Cultura
Terça-feira, 23 de julho de 2024

Filme ‘Colectiv’ sobre incêndio em boate é política pura e fascinante

IGOR GIELOW
FOLHAPRESS – Um incêndio mata jovens num show dentro de um clube sem condições de segurança. Multidões vão à rua protestar contra os serviços do governo. Jornalistas expõem mazelas do Estado, ensaiam-se mudanças, mas tudo volta ao antigo normal.
Boate Kiss? Junho de 2013? Escândalos políticos? Não, mas poderia ser, e esse é o apelo universal do impressionante documentário “Colectiv”, do romeno Alexander Nanau.Obra de 2019, ele estará disponível online nesta sexta (25) no festival É Tudo Verdade.
O título remete ao nome de uma boate que pegou fogo em 2015, sob circunstâncias semelhantes à da tragédia brasileira ocorrida em Santa Maria dois anos antes.
Uma banda encerrou seu show com uma demonstração pirotécnica tosca num ambiente sem saídas de emergência suficientes. Resultado, 27 mortos e 180 feridos. Mas a desgraça é só um McGuffin, o artifício hitchcockiano que escamoteia o real sentido da trama.
E ela é ainda mais sombria, ainda que o impacto do vídeo do incêndio seja grande e os efeitos do incidente permeiem todo o filme.
Além das questões de fiscalização, houve 37 mortes subsequentes ao em hospitais.
A maioria, por infecção, enquanto o governo evitava mandar pacientes graves para países vizinhos mais bem equipados por uma questão de imagem política.
Numa nação que vive espremido entre sua herança ditatorial comunista e uma democracia capenga e corrupta, coube a um jornal de esportes disparar a revolta popular.
Liderados por Catalin Tolontan, editor-chefe da Gazeta Esportiva, de Bucareste, repórteres descobrem que os desinfetantes usados nos hospitais do país eram tinham diluição dez vezes acima do que deveriam por lei.
À soberba do governo emergiu uma rocambolesca trama ligando o fabricante monopolista dos desinfetantes (que aparece morto de forma suspeita), máfias locais e diretores de hospitais, com direitos a firmas offshore e tudo com que o brasileiro se acostumou nos últimos anos.
Resultado, gente nas ruas e o gabinete governista sendo substituído por um grupo de tecnocratas que segurariam a onda até a eleição no fim de 2016.
Até aqui, o filme parecia destinado a ser mais uma hagiografia de jornalistas heroicos contra o sistema, algo sempre sujeito a glamourização indevida, mas ele ganha uma adição espetacular.

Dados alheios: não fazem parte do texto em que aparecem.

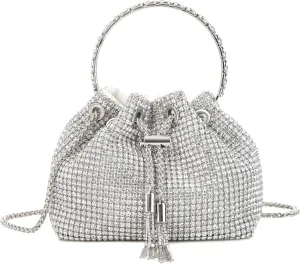 Women Rhinestone Tassel Bucket Bag Sparkling Evening Clutch Diamond Purse with Detachable Strap for Wedding Party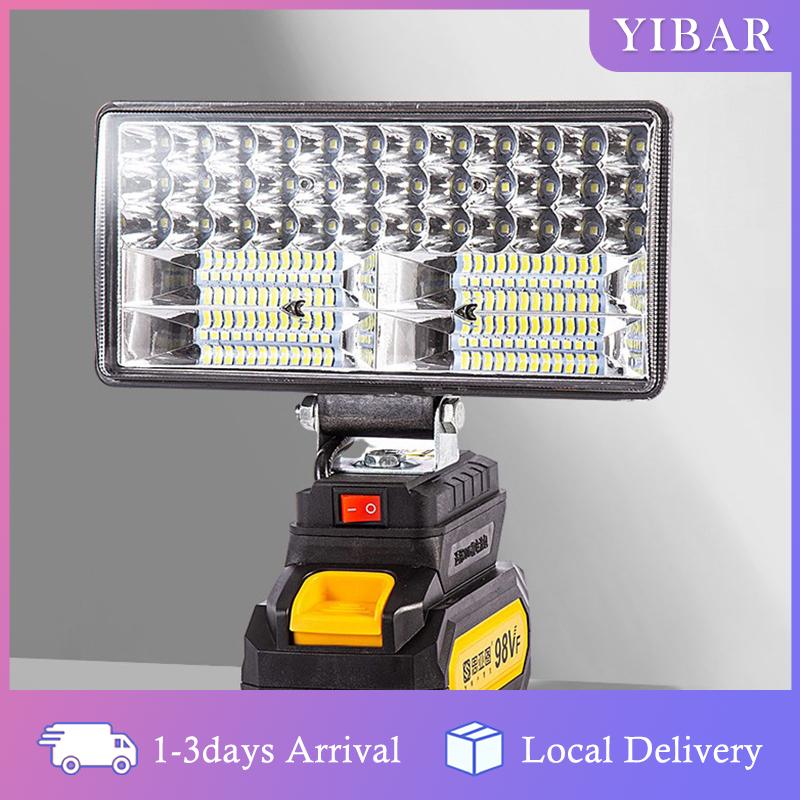 【YIBAR】 18V Li ion LED làm việc ánh sáng cho pin 3 4 inch lũ đèn có thể sạc lại cho cắm trại đi bộ đường dài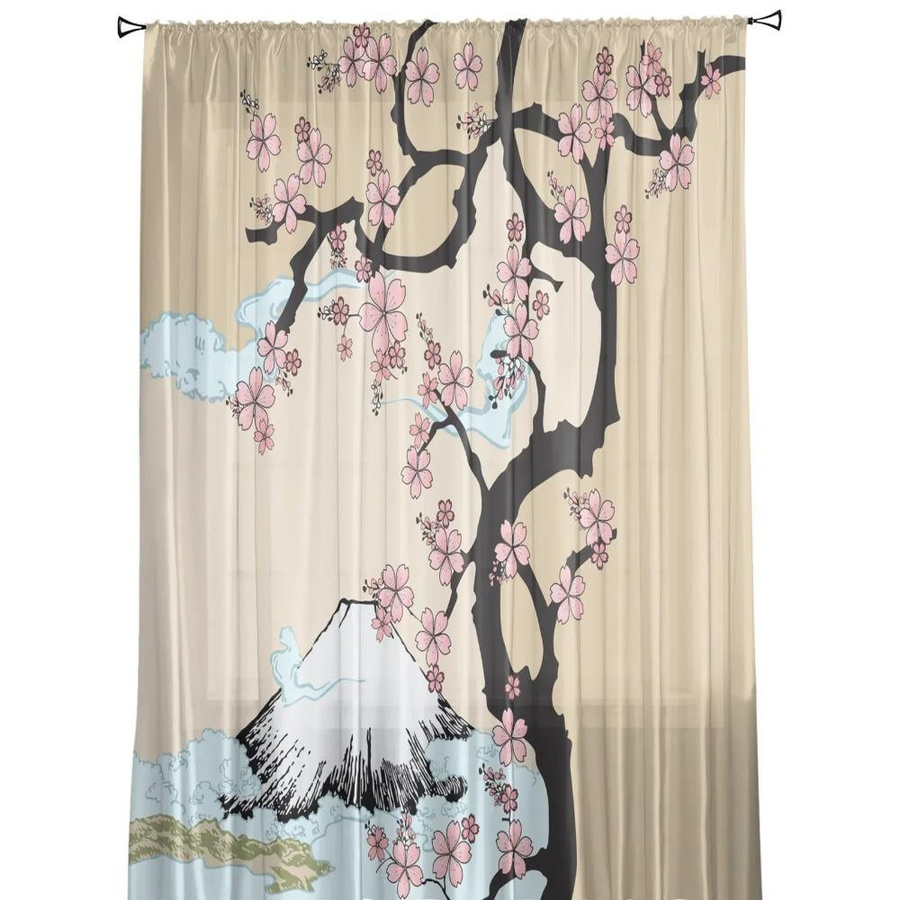 Yiran Furniture Transparentes Tüll-Fensterdekoration mit Mount Fuji Sakura Motiv, Organza Voile Vorhang in Mehrfarbig, B: 135 cm, H: 115 cm - Bild 2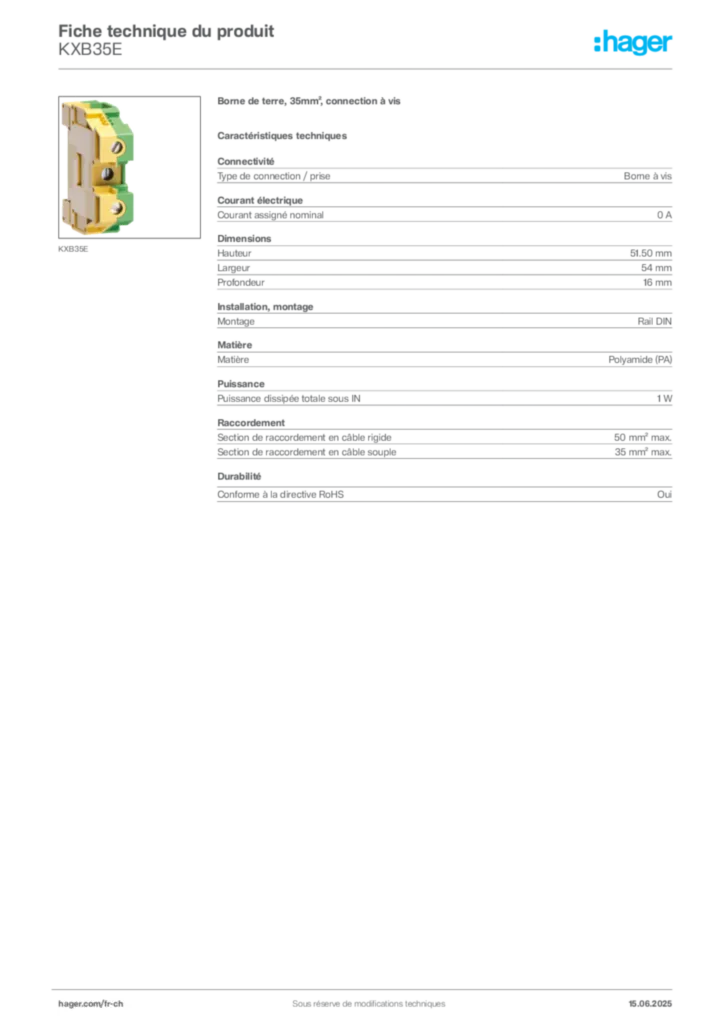 Image Hager Fiche technique du produit KXB35E | Hager Suisse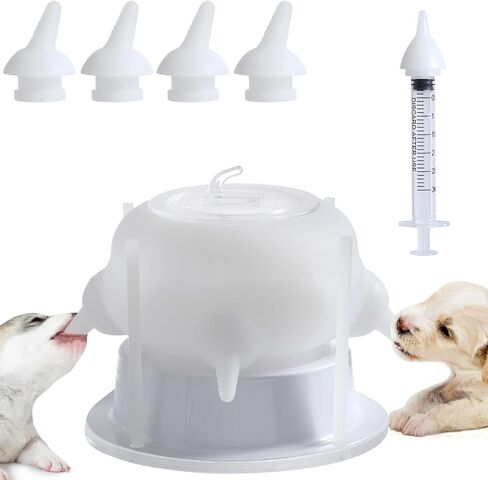 Nursing Nipple Puppy Feeders for Multiple Puppies, 200ml Food-Grade Silicone with 4 Adjustable Detachable Nipples, Smooth Flow Nipple for Kitten Bottle Feeding Kit(Pink) in Saudi Arabia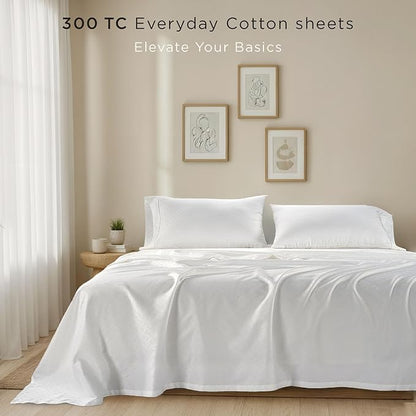 Threadmill Cotton Twin Sheet Set | 100% Cotton Sheets for Twin Size Bed | Damask Jacquard Sateen Twin Bed Sheets Set with 16” Deep Pocket | Soft Breathable 3-Piece Cooling Sheet Set | White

O novo ministro da Saúde, um jovem que não estaria deslocado na força-tarefa da Lava Jato em termos de voluntarismo, deu acesso total a Nanau.

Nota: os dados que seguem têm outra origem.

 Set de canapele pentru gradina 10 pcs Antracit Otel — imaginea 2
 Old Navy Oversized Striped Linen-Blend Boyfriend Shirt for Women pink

Assim, reuniões incrivelmente francas sobre como lidar com a crise, com a imprensa e contra o tal do sistema são vistas por dentro.
É política crua, no pior sentido, mas fascinante. Claro, o ministro Vlad Voiculescu sabia que estava sendo gravado, e isso gera suspeita sobre tal pureza de princípios. Ele tentou se lançar, sem sucesso, na política depois –e o documentário não passa por isso.
A narrativa de Nanau é uma aula de edição. Ele gastou 18 meses montando 14 meses de gravações. Não há nenhuma entrevista, nenhum texto, nenhum “off”. A história é montada cronologicamente, como se fosse um filme de ficção.
A ambição tem preço, e muitas vezes uma legenda sobre quem é quem ou com um pouco de contexto ajudaria bastante. Mas o resultado geral é funcional, ainda que monocórdico e por vezes cansativo.
A costura é pontuada pela lembrança da tragédia, encarnada na figura esquálida de Tedy Ursuleanu, uma jovem gótica horrivelmente desfigurada pelo fogo.
Ela acaba se aproximando do ministro, e uma arrepiante exposição de fotografias revelando seu corpo mutilado acaba parando dentro do gabinete de Voiculesco.
Pais de jovens mortos também surgem, culminando numa tocante cena final, que dá a dimensão humana da exposição de mazelas do Estado.
Em lados opostos, Tontolan e Voiculesco são os herois do drama na tela. O ministro vira alvo de uma campanha de difamação pela mídia amiga do antigo regime, e a eleição por fim traz uma revoltante vitória consagradora dos governantes de outrora.
O diretor poupa o espectador de suas visões explicitamente, mas em entrevistas comentando seu trabalho já sob o impacto da pandemia, fez paralelos entre seu país e o Brasil de Jair Bolsonaro ou os Estados Unidos de Donald Trump. Com o que “Colectiv” mostra, nem precisaria.